Do I think that the Food Network has placed Giada on our TV’s in an evil plot to destroy the world as we know it?  No.

Is it possible for one person to so thoroughly enjoy each and every meal they cook, even though it often includes bastard spices like Sweet Basil and Ground Paprika?  You wouldn’t think so.

Can Giada actually be a mutant alien sent down to over-emphasize every Italian phrase she sprinkles into her dialog?
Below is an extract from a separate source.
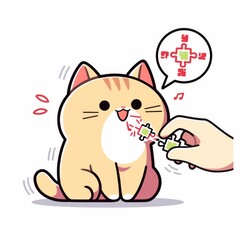 Obraz premium Cute Cat Solving Puzzle (1)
Probably not, although growing up in my Italian family most everyone tended to over-emphasize some warm and fuzzy phrases such as “che cazzo stai dicendo testa di merda?” Or, “affanculo!”

Look, there’s nothing wrong with smiling, it’s just that those that do it incessantly frighten me.

Like an evil laughing clown, their smile belies the evil that lies just beneath the surface.  You see Giada seems to be pretty handy with a knife, and I worry that one of these days someone is going to get filleted.  I’m confident either Rachel Ray or Bobby Flay could take Giada in a good old fashioned knife fight, but if she cornered poor old Paula Dean in the back corner of a bar, Paula would be half blind on Hurricanes and be no match for the demonic Italian chef.

Will we just sit back and wait for tragedy?  Or can she be stopped now before people are killed, and innocent lunch time ravioli’s are burnt?  I’d lend a hand, but like I said, Giada scares the crap out of me – I’m not getting involved.